Navigating Indemnification Obligations in a Health Care Transaction: Managing Health Care LiabilityAHLA Connections November 2018
Carly Eisenberg Hoinacki (Associate, New York) and Anjana D. Patel (Member of the Firm, Newark and New York) co-authored an article in AHLA Connections, titled “Navigating Indemnification Obligations in a Health Care Transaction: Managing Health Care Liability.”

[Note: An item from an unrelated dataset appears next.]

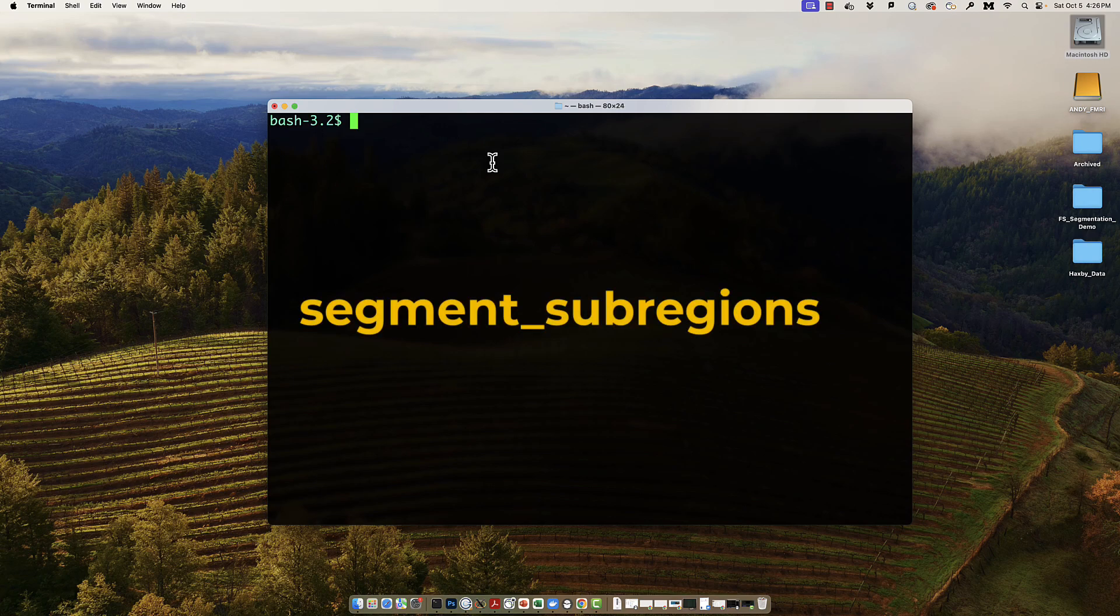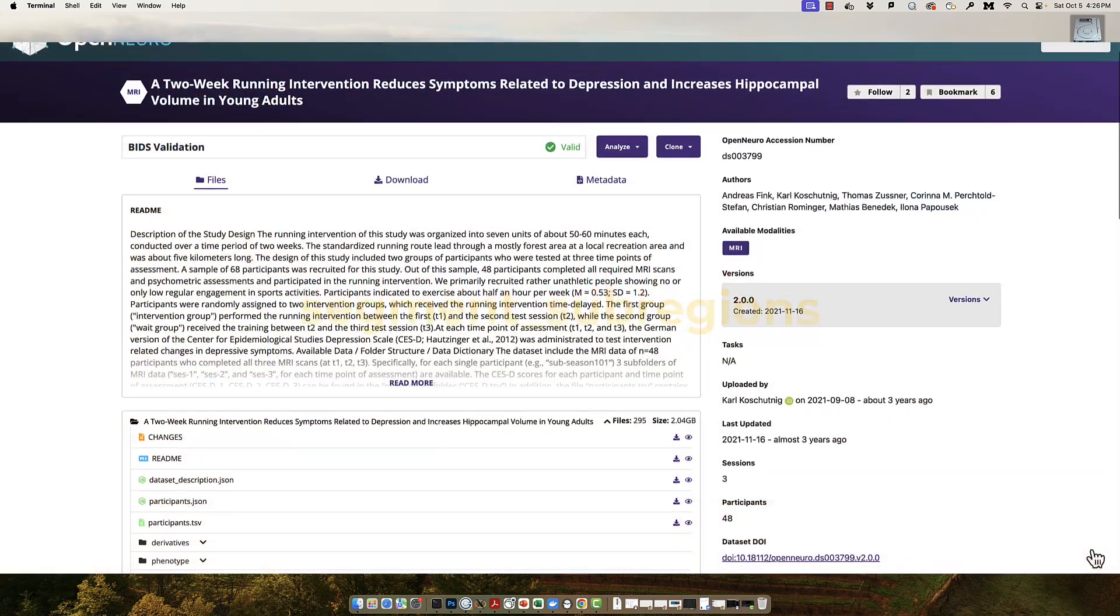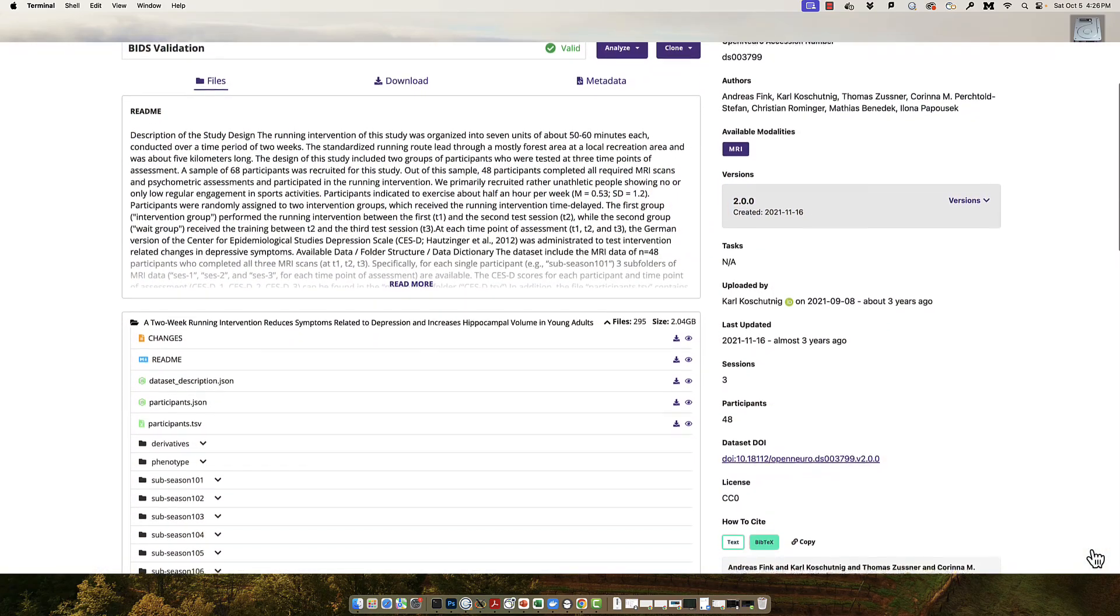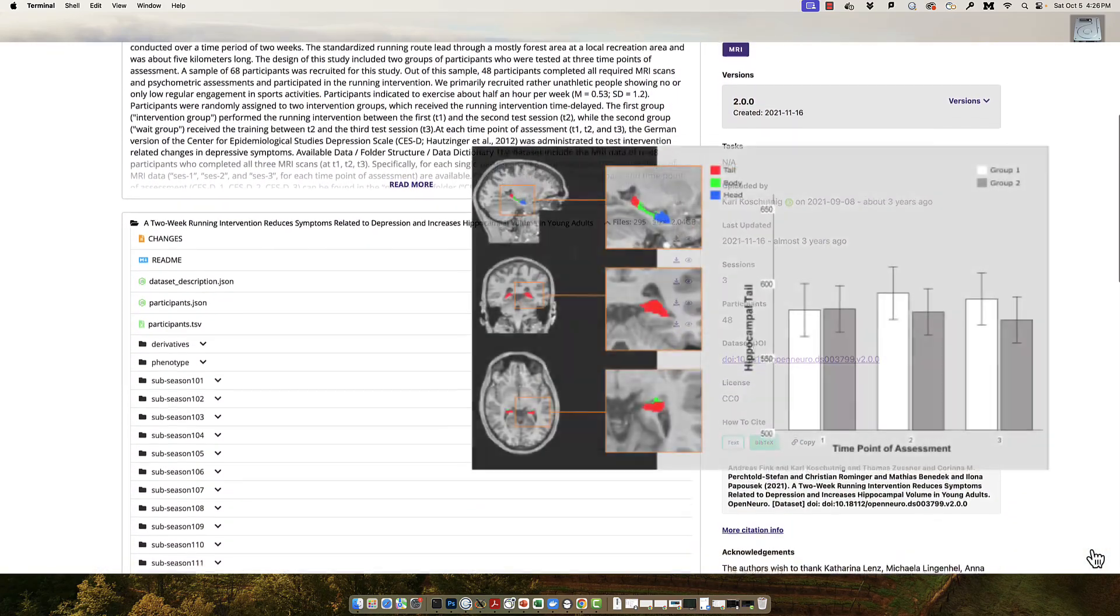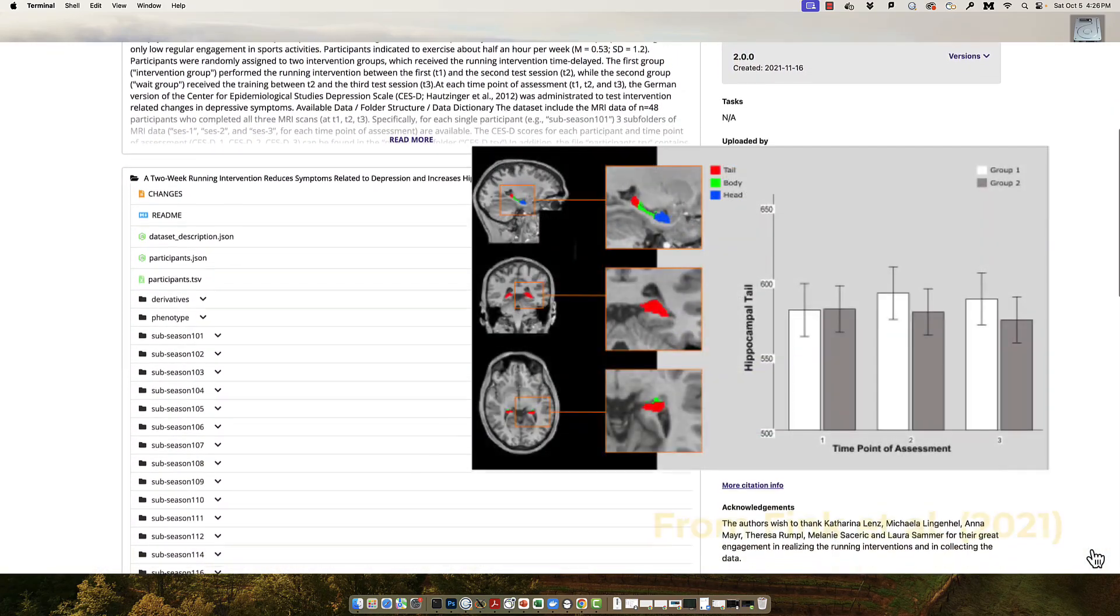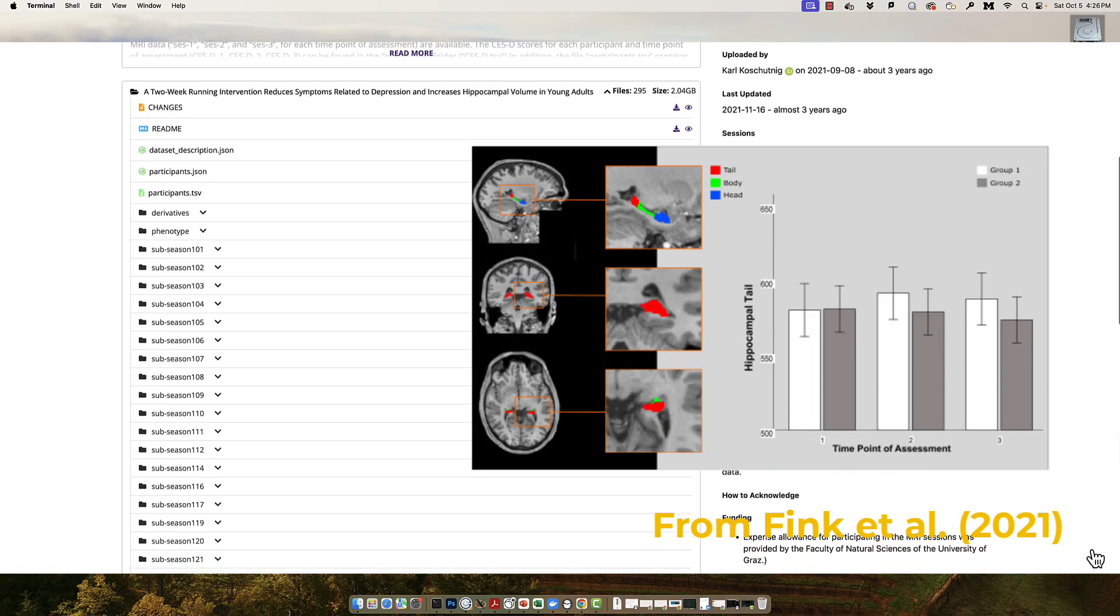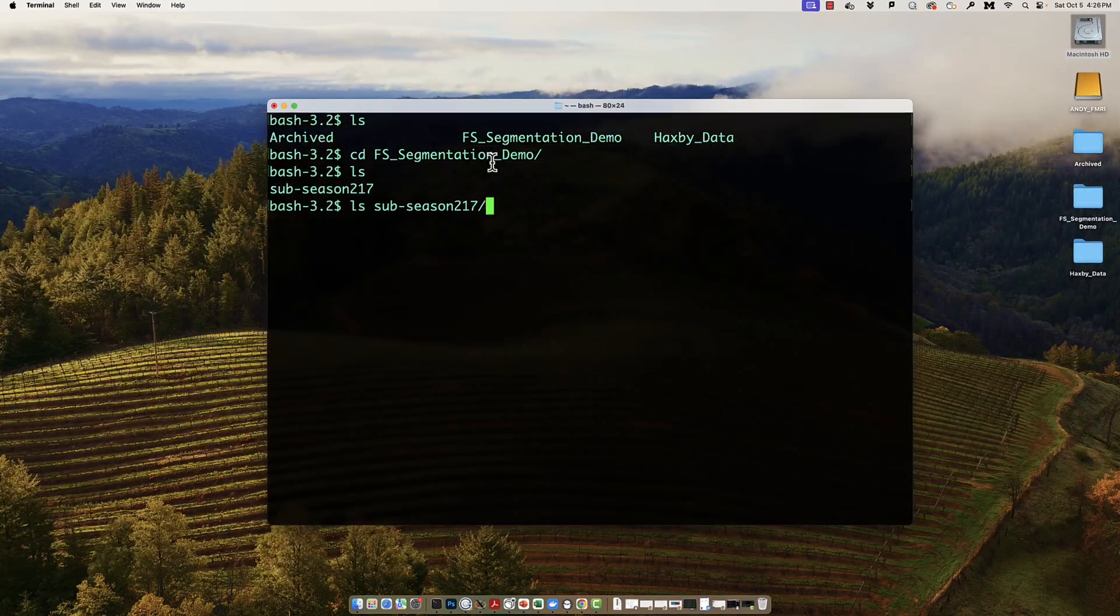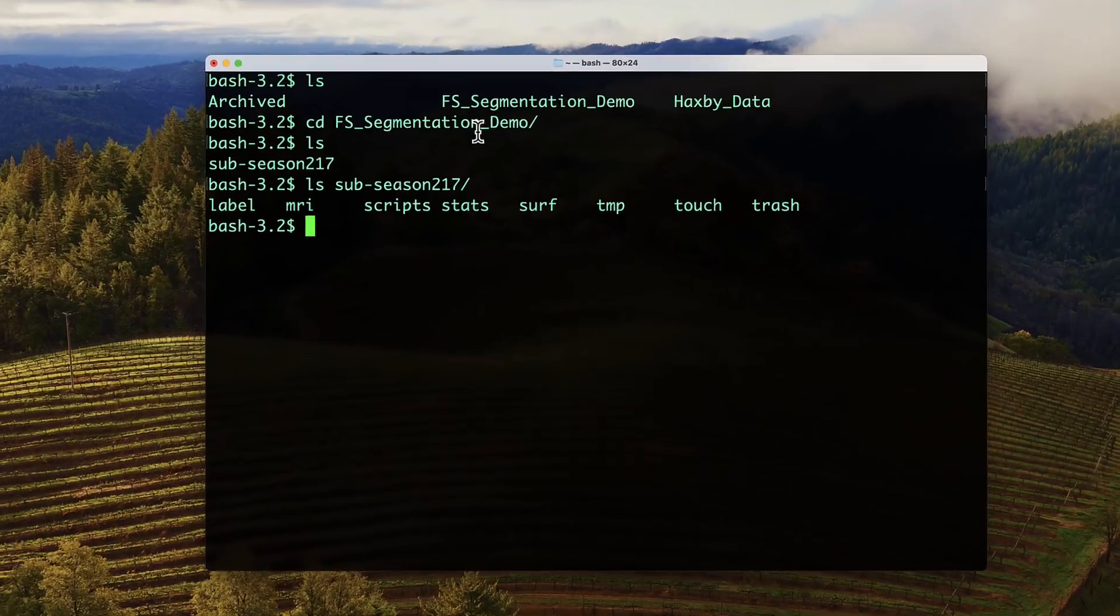I have a subject downloaded from the Fink et al. 2021 study, which looked at hippocampal volume changes as a result of a running exercise intervention. As you can see, these data have already been run through ReconAll.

Following is an excerpt (see below to download the full version in PDF format):
Health care mergers and acquisitions have been, and continue to be, on the rise. Many factors have contributed to the increase, such as: the need to decrease expenses and increase efficiencies; the need to expand services, coupled with increased costs to update technology; the shift from traditional fee-for-service reimbursement to alternative models that focus on patient outcomes and coordinated care; and overall decreases in reimbursement by government and commercial payers. This article explores the importance of indemnification as a risk allocation tool in these private company transactions, certain nuances of an indemnification construct, and the transformative potential of representation and warranty insurance for a health care transaction.
Mergers and acquisitions in the health care sector present industry-specific challenges for both a buyer and seller. Due diligence is a vital step in every transaction for a buyer, especially given the highly regulated nature of the health care industry. Whether the transaction is an asset purchase, equity purchase, merger or joint venture, a buyer will focus on regulatory compliance when conducting its due diligence review. A buyer will want to know that a seller has been operating in compliance with federal and state fraud and abuse laws, conditions of participation and reimbursement requirements for Medicare and Medicaid, corporate practice of medicine prohibitions, fee-splitting prohibitions, federal and state privacy and data security statutes and regulations, and state licensure and certification regulations governing both professionals and entities, just to name a few. The potential liability of a buyer with respect to some of these matters can survive the closing of a transaction irrespective of the structure. For example, if a buyer assumes the historical billing numbers of a seller, even if the transaction is structured as an asset purchase, the seller’s Medicare and Medicaid liabilities will transfer to the buyer. During the due diligence process, a buyer can identify the regulatory risks associated with the acquisition that will shape the structure of the transaction as well as the negotiation of the acquisition agreement. By identifying health care compliance issues during due diligence, a buyer also can require a seller to take certain remedial action prior to the closing of the transaction. The parties may even restructure a transaction based upon regulatory due diligence findings to limit the transfer of liability from the seller to the buyer.